Spoliation of evidence can lead to significant litigation sanctions, including adverse inferences, fee-shifting, and—in egregious cases—the entry of a default judgment. In this recent case involving intentional spoliation of evidence by a corporation's founder, owner, and chief executive officer, Chancellor Kathaleen St. J. McCormick, sitting by designation in the Delaware Superior Court's Complex Commercial Litigation Division, found that a non-party's spoliation may be imputed to a party, and that entry of a default judgment was appropriate. See BDO USA, LLP v. Everglade Global, Inc., 2023 WL 1371097 (Del. Super. Jan. 31, 2023).

Defendant Everglade Global is a consulting firm founded by former BDO partner Eric Jia-Sobota, whose departure led to a legal battle with BDO. During that litigation, BDO became the target of an online smear campaign. Jia-Sobota claimed to have been contacted by an anonymous party online, to whom he claimed to have provided information used in the smear campaign. BDO brought suit for defamation.

Everglade initiated an internal investigation, enlisting an eDiscovery vendor to collect from Jia-Sobota’s devices. The vendor found that a program had been used to wipe data from the devices, including browsing history. As such, it was forced to state the investigation was inconclusive, and it resisted efforts by Jia-Sobota to report differently. Everglade also engaged in other obstructive behavior in discovery, and it refused to engage further with BDO, claiming it had fully satisfied all obligations. When the Court appointed a Special Discovery Master, the extent of the spoliation was revealed, including (i) the use of a “cleaner” program to wipe data, (ii) the destruction of thumb drives, (iii) the deletion of OneDrive data, and (iv) the factory reset of seven laptops at issue. As a result, BDO was deprived of discovery from the potential sources of direct evidence of Jia-Sobota’s wrongdoing.

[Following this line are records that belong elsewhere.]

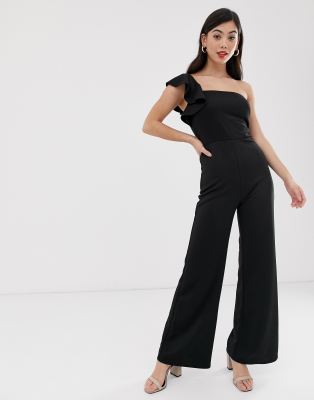 petite one shoulder jumpsuit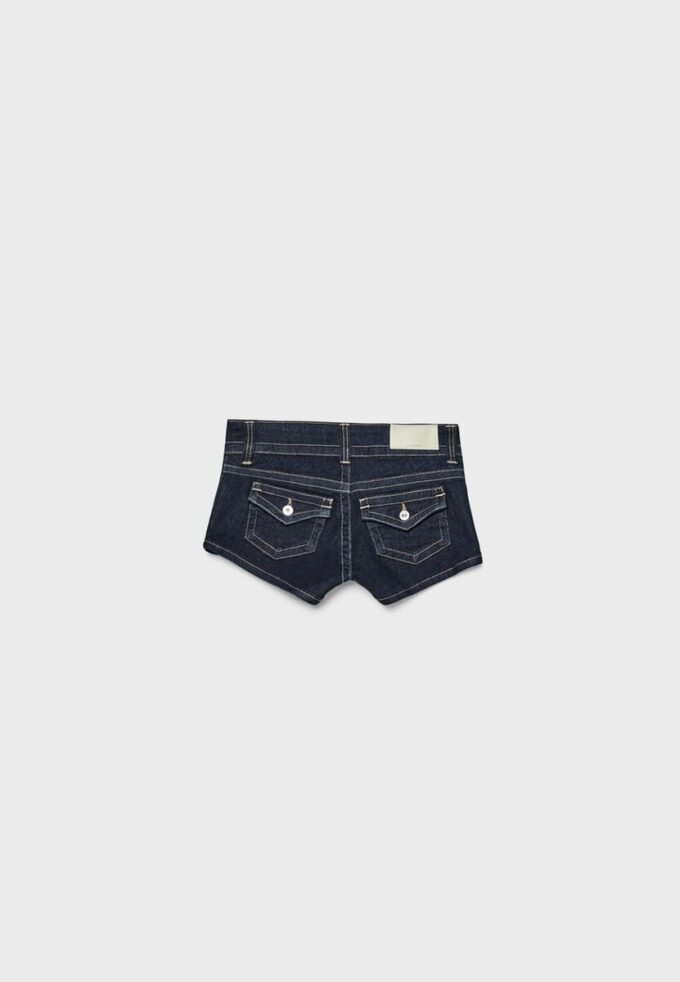 D76 Micro-shorts i denim
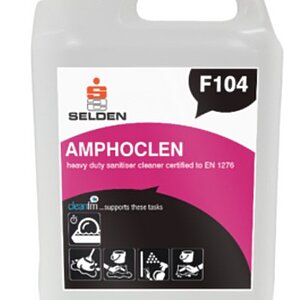 Amphoclen Heavy Duty Foodgrade Sanitiser, 5ltrs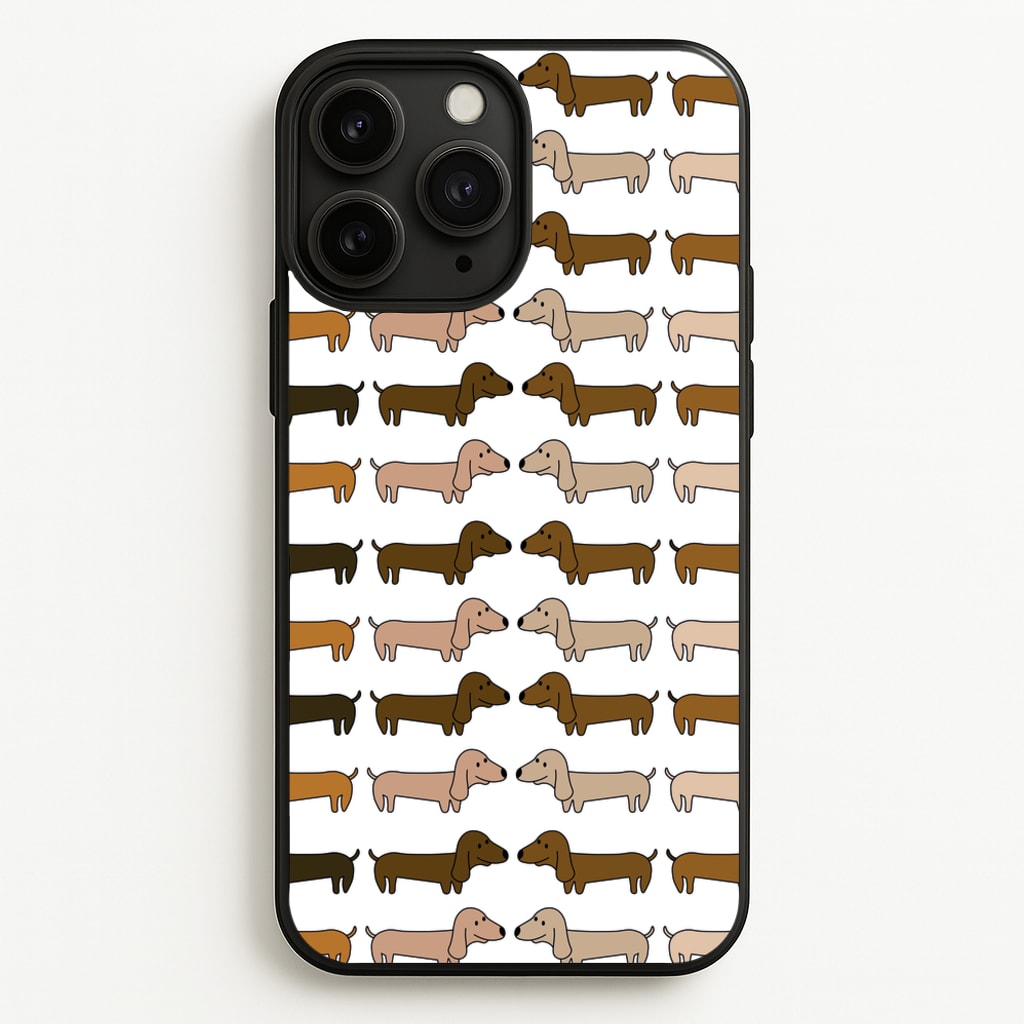 Collage - Dachshunds - Dachshunds Phone Case for iPhone 11 Pro Max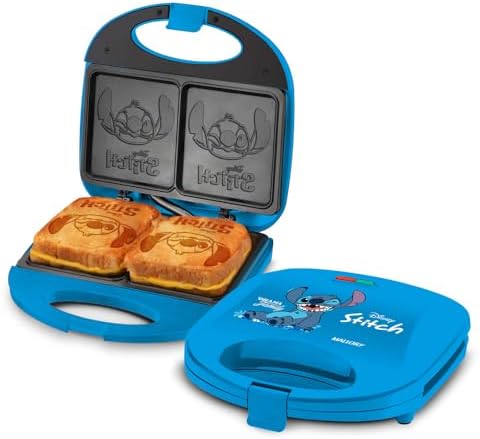 Sanduicheira Elétrica Mallory Stitch – Placas com Design Exclusiv...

In response to BDO’s request for a default judgment, Everglade acknowledged the intentional spoliation by Jia-Sobota, but argued that it was not responsible for his behavior. The Court sided with BDO, noting that the requirements of respondeat superior liability were satisfied, and that there also are policy reasons to hold corporations accountable when a CEO destroys the evidence. The Court also found that the egregious spoliation and the obstructive conduct of Everglade’s counsel warranted fee-shifting for the sanctions motion and prior discovery practice needed to uncover the spoliation.